6 tahun lalu saya mencoba peruntungan SPMB di Universitas Indonesia jurusan Humas dan Filsafat, hasilnya nihil, gagal. Walhasil, saya memilih untuk masuk kampus yang sama dengan kakak saya di Kampus Tercinta IISIP Jakarta. Mencoba ikut ujian gelombang ke dua dengan pilihan Jurusan Hubungan Masyarakat dan Hubungan Internasional. Dan akhirnya saya diterima di Jurusan Hubungan Masyarakat.

Di 2 tahun pertama, kuliah terasa berat dan tidak menyenangkan karena naik turunnya IP dan IPK akibat masih terbawa kebiasaan semasa SMA dulu. Banyak pengalaman buruk dan lucu disini mulai dari di usir dosen, mengulang mata kuliah, di sebut tukang “obras” oleh dosen, bolos kuliah, patah hati lagi dan lagi, jatuh cinta lagi dan lagi, termasuk yang jarang membuat “batik” ujian, ditegur Ibu Rektor akibat tidak cross check sebelum membuat statement di Epicentrum tahun lalu, dan masih banyak lagi.

Oh,iya. Setiap hari saya pulang pergi dari Bogor menuju kampus menggunakan jasa perkeretaapian Indonesia yang sangat nyaman sekali!
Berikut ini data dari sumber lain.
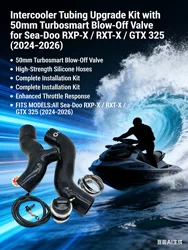 For Sea-doo RXP-X /RXT-X 325 Intercooler Tubing Upgrade Kit With 50mm Tubosmart Blow-Off Valve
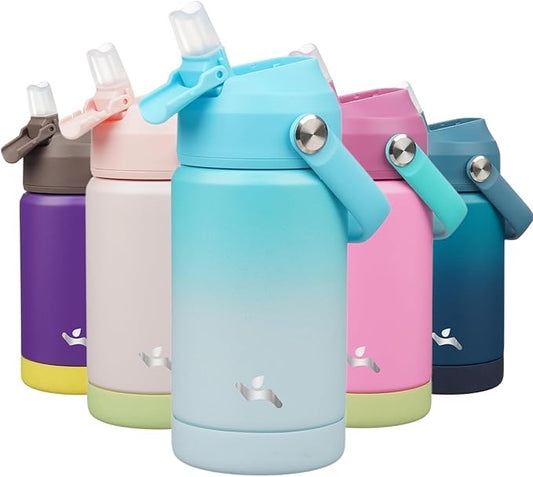 Insulated Water Bottle with Straw Lid,12 oz Stainless Steel Vacuum Metal Bottle with Silicone Handle,Sea Salt-FlexoryFit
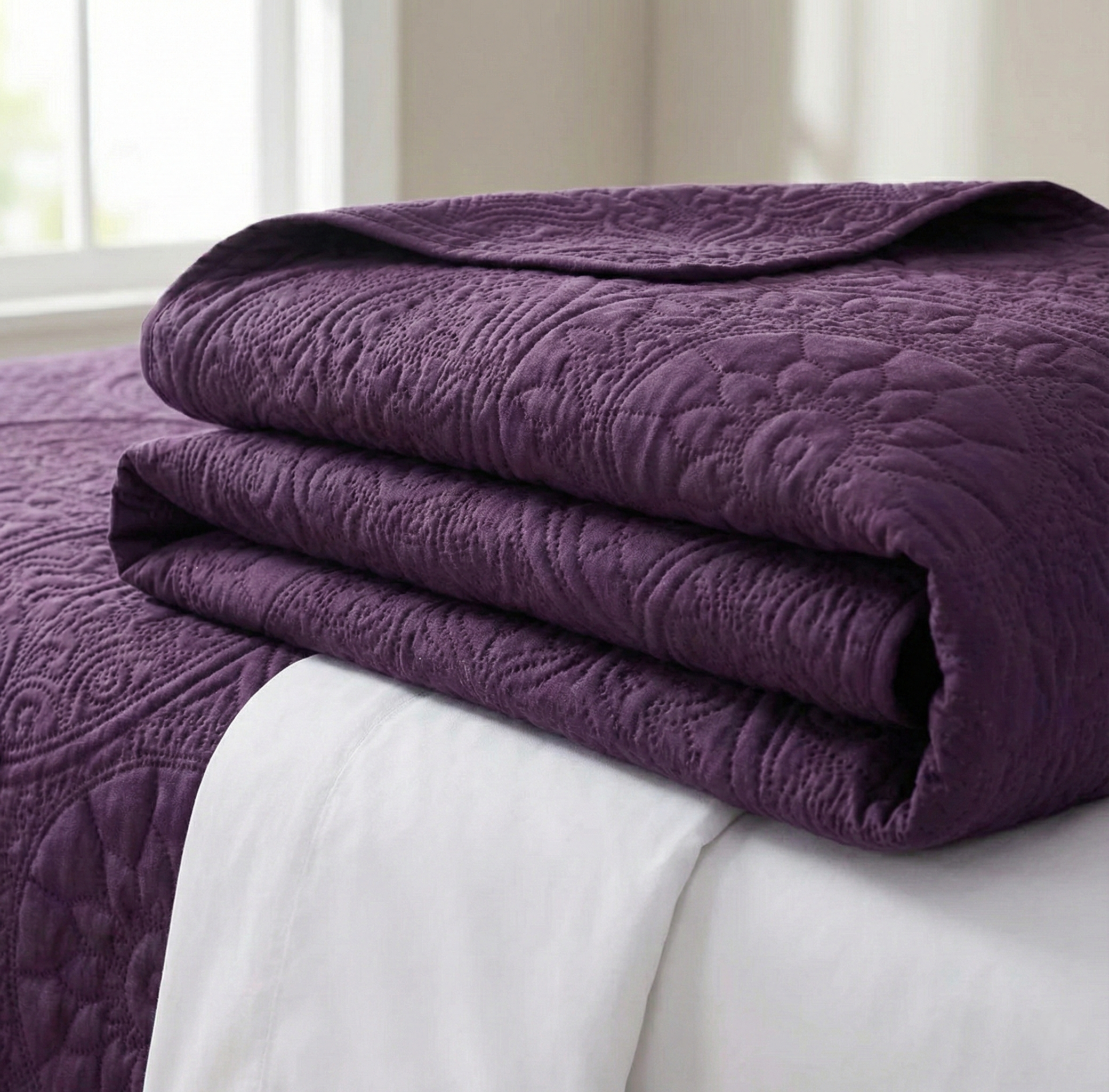 Folded purple bed spread on a bed with a neutral background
Mulai dari adegan berdesakan yang lebih ganas daripada moshpit di gigs hardcore/punk, menjadi saksi adegan pencopetan, penjambretan, hingga modus esek-esek lelaki kurang kerjaan.

Satu hal sangat berkesan adalah saat hari pertama saya masuk kuliah, berangkat menggunakan kereta pukul 7.20. Itu pertama kali saya berangkat kuliah sendiri, lupa harus turun di stasiun mana. Karena panik, saya turun di stasiun Universitas Pancasila, parahnya karena saya pengguna kereta amatir, saat turun saya terdorong dan jatuh jungkir balik, otomatis ada yang teriak histeris dan juga ada yang menertawakan haha. Bingung harus naik apa, saya memutuskan naik bus kearah pasar minggu, untung saja bus itu tepat menngantar saya ke depan kampus.
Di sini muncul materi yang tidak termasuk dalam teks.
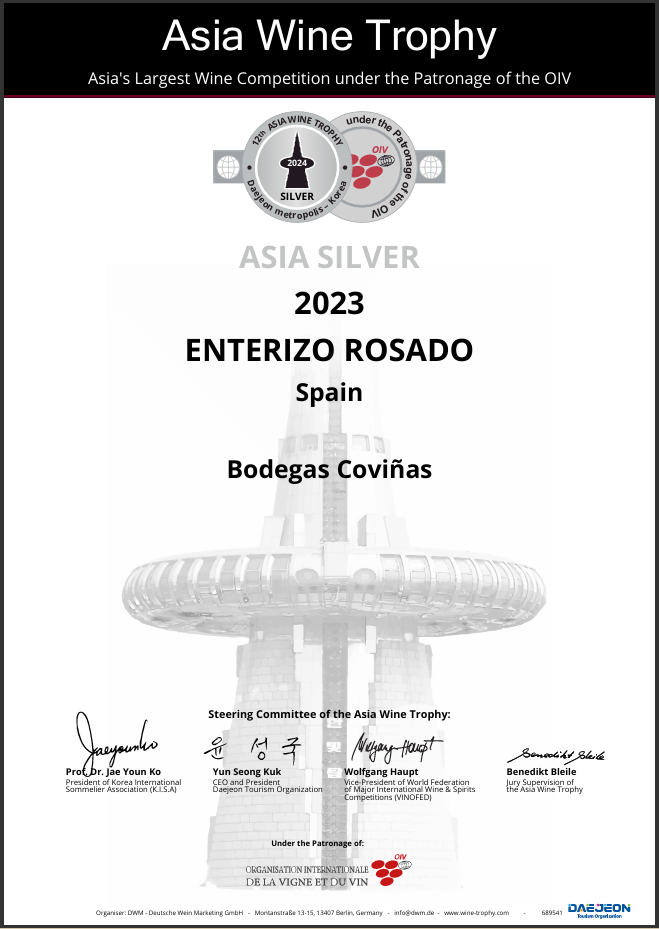 Asia Wine Trophy Silver 2024 – Enterizo Rosado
Sesampainya, saya mencari ruang kuliah di mading. Kuliah pertama di ruangan 2-4, tapi saya kurang yakin itu pelajaran agama atau pancasila yang di ajar oleh Pak Yafiz. Saya terlambat. Bodohnya, karena masih terbawa kebiasaan kala SMU, saya mengetuk pintu dan mengucapkan “Assalammualaikum wr.wb.”, serentak seisi kelas tertawa, karena setelah saya tahu, telat ataupun tidak kala masuk kelas salam bukanlah hal yang lumrah dilakukan mahasiswa/i. Walaupun demikian, masih ada beberapa teman yang tetap mengucapkan salam saat masuk kelas.

Selanjutnya, saya tidak pernah mengucapkan salam saat terlambat masuk kelas!
Intermezo.
Siapa yang belum pernah menikmati aroma khas toilet pria di depan Mushola? Beruntung sekarang sudah agak wangi dan lebih bersih.
Siapa juga yang masih buang sampah sembarangan? Jangan nakal, sekarang sudah banyak tong sampah loh!

Rasanya ada yang kurang menjadi mahasiswa jika belum pernah berpartisipasi dalam demonstrasi sebagai aksi solidaritas menyuarakan aspirasi. Saya pernah ikut demo akbar anti kenaikan harga BBM tahun 2008 kalau tidak salah. Berkeringat, bau badan, tapi lucunya ada beberapa teman wanita yang ikut justru malah berfoto-foto.

Saya pernah mengalami setiap jenjang IP, mulai dari 0.69, 1.5, 2.8, 3.8. Lucunya saya masih bermimpi bisa Cum Laude. Sempat berpikir menjadi seorang aktivis, tapi saya justru menjadi pasivis yang tidak terlalu ambil pusing pada apa yang terjadi pada Negara, dan memilih untuk memulai dari diri sendiri, rumah, teman, dan lingkungan sekitar dengan membentuk Kolektif berdasarkan ide Do It Yourself (DIY) dengan beberapa teman-teman di Bogor.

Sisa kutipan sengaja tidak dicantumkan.